In un segno degli effetti aziendali potenzialmente ad ampio raggio, una manciata di amministratori delegati delle grandi banche statunitensi ha detto al Congresso questa settimana che si sarebbero conformati a qualsiasi richiesta del governo statunitense di ritirarsi dalla Cina se Pechino avesse attaccato Taiwan.

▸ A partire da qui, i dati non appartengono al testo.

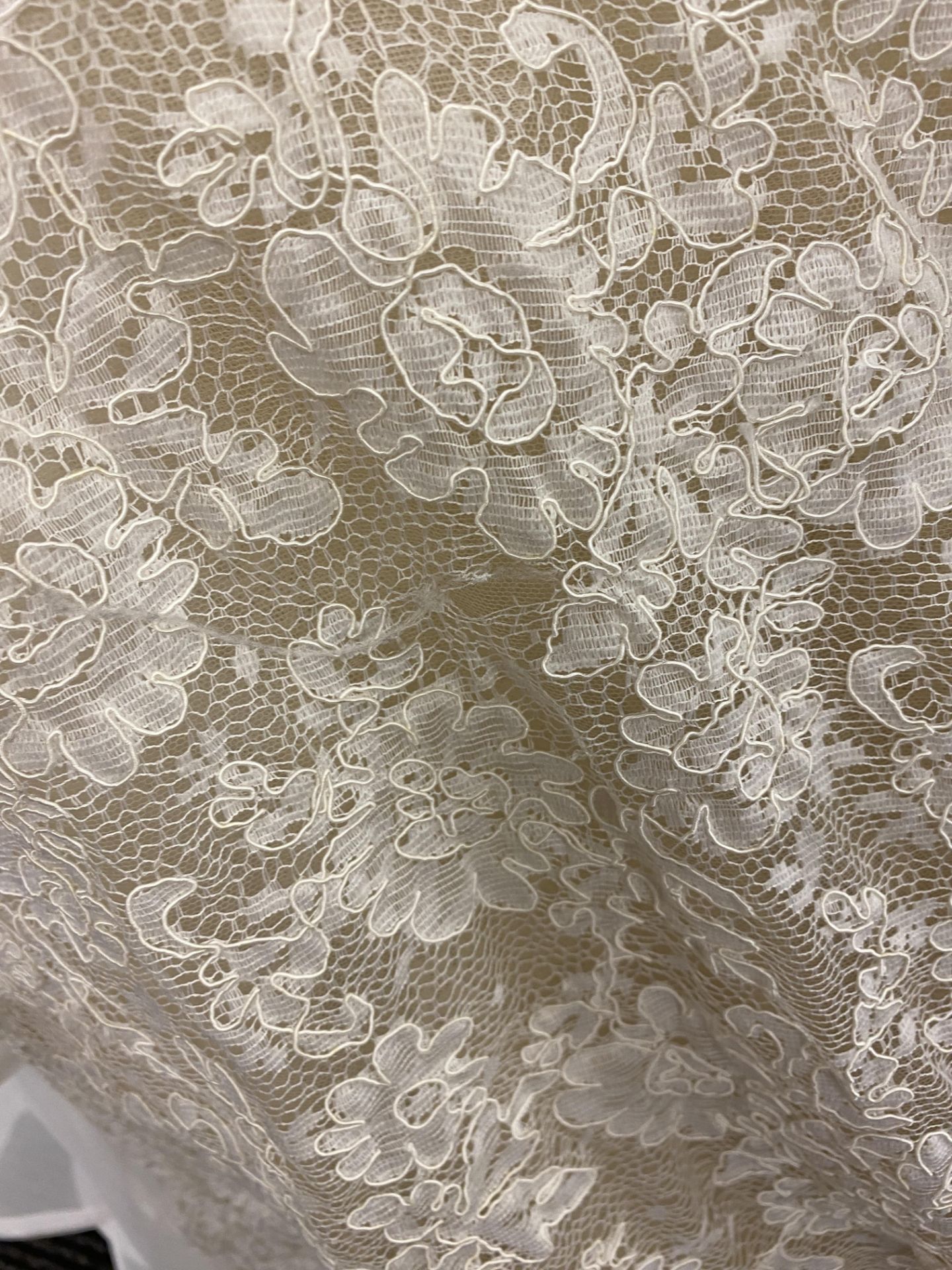 1 x ANNA SUL Y 'White Rose' Full Lace Mermaid Style Designer Wedding Dress RRP £1,250 - Image 9 of 11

Le osservazioni sono arrivate pochi giorni dopo che il presidente degli Stati Uniti Joe Biden aveva affermato che gli Stati Uniti avrebbero difeso Taiwan da un attacco cinese.

La società statunitense mediana aveva solo cinque giorni di scorte di chip nel 2021, in calo rispetto ai 40 del 2019, secondo uno studio il Dipartimento del Commercio.

All’inizio di agosto, Biden ha firmato il Chips Act, che fornirà 280 miliardi di dollari di finanziamenti per sostenere e avviare la produzione e la ricerca nazionali di semiconduttori.

“Gli Stati Uniti eserciteranno maggiori pressioni sui fornitori chiave per vietare le esportazioni in Cina e sviluppare la produzione nel proprio mercato con strumenti di politica industriale, come il Chips Act e una spinta per l’amicizia”, ​​ha affermato García-Herrero.